Cheesemakers may need new cheese names under FTA

Written by  Jessica Marshall
Barrys Bay award-winning Gruyere cheese. Barrys Bay award-winning Gruyere cheese.

The owner of an award-winning cheese producer says the Government’s free trade agreement (FTA) with the European Union (EU) has proven disappointing for the sector.

Daniel Shields, owner of Barry’s Bay Dairy Company, says that at first glance the FTA looks okay for the company, but the wider issue will be how the market handles the issues of geographical indications (GIs).

The company has a long history, beginning in 1895. Shields says the company’s current factory was built in the 1950s by a farmer cooperative.

“The cooperative closed it down in the dairy industry restructuring in the early eighties and the then factory manager – Don Walker – reopened the business.”

Originally, the factory made a single type of cheddar cheese for the Dairy Board, but then proceeded to experiment with other types of cheeses.
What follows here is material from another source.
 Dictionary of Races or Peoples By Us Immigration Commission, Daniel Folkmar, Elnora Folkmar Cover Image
“With help from other early premium cheese pioneers – notably Albert Alferink from Mercer Cheese – the factory branched into European wheel cheeses such as Gouda and Maasdam and also the semi-soft Havarti,” Shields says.
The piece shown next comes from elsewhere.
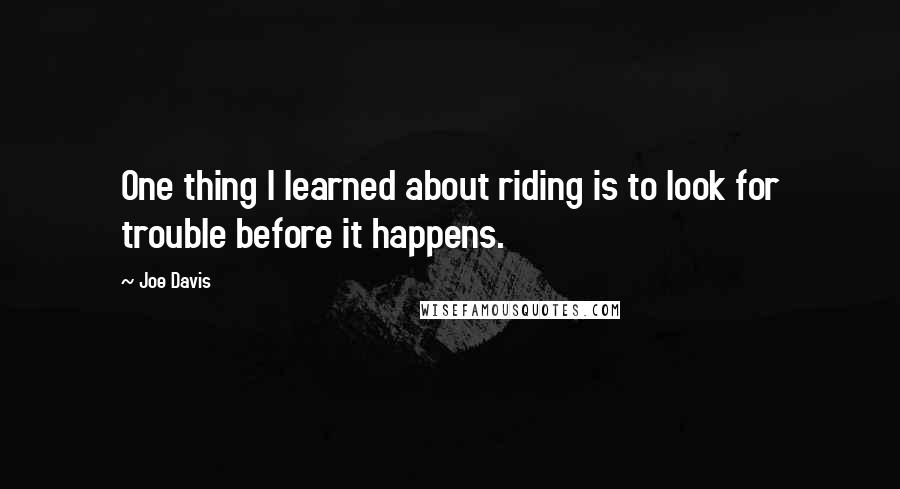 Joe Davis Quotes: One thing I learned about riding is to look for trouble before it happens.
The business was then sold to Mike and Catherine Carey who took the business into grocery stores, and then, in 2017, Daniel and wife Amy purchased the company.

Barrys Bay won eight gold awards at the recent at the New Zealand Champion of Cheese Awards last month, bringing home awards for its Aged Cheddar, Chilli Cheddar, Cumin Spice Cheddar, Peppered Havarti, Smoked Rinded Cheddar, Parmesan, Gruyere, and Maasdam.
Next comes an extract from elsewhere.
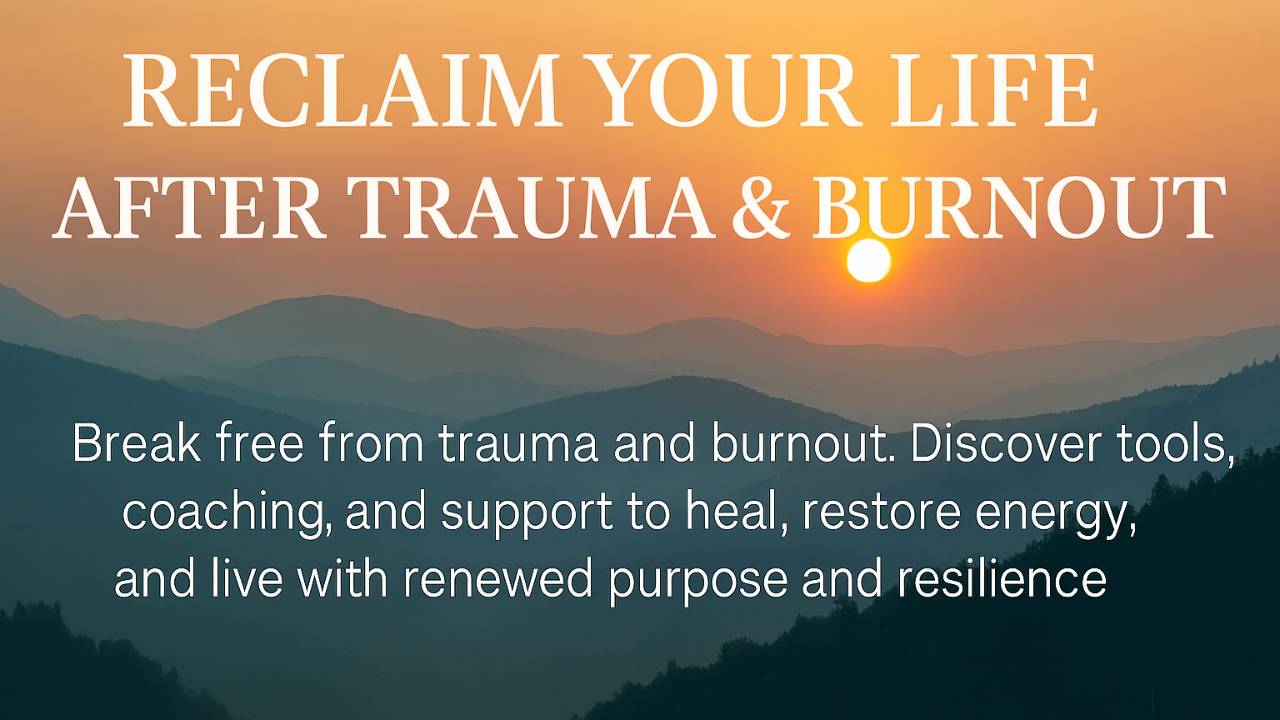 Reclaim Your Life After Trauma & Burnout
Shields says he’s delighted to pick up eight gold awards at the competition this year.

“What’s really pleasing is that we did this across all of the different cheese types we make – cheddars, European wheel cheeses and semi-soft havartis,” he told Dairy News.

“It’s the payoff for some hard work we’ve done in production quality and also cheese aging – known as affinage.”

“With great cheese coming out of the vat, we’re taking the time to let that cheese mature and develop really delicious flavours,” he adds.

At the same time, the geographical indications included in the EU FTA are set to impact the company.

Shields says that while both Gruyere and Parmesan – two cheeses Barrys Bay won awards for this year – have grandparenting clauses, meaning if the company can show five years of prior use the names can continue to be used, no new manufacturers can use them.

“It is going to be very confusing for consumers to know that my Gruyere is equivalent to someone else’s ‘Fondue style cheese’,” Shields says. “Because of the ‘evocation’ and ‘passing off’ rules the people who can’t use the names can’t just use terms like ‘Swiss style’ or make up a name like ‘Gruyeah’.”

He says GIs became a bargaining chip to gain better access for other industry sectors to the European market.

“Conversely, in New Zealand the FTA essentially gives European producers and their agents in this country a monopoly on the Gruyere, Parmesan, Feta and Gorgonzola market segments,” he explains.

“The cost and effort now falls on the New Zealand dairy industry to come up with a new naming convention for these products and educate the domestic market on the new names.

“We are hoping for some government support in this transition but [are] wary of the general belt-tightening in the public service at the moment.”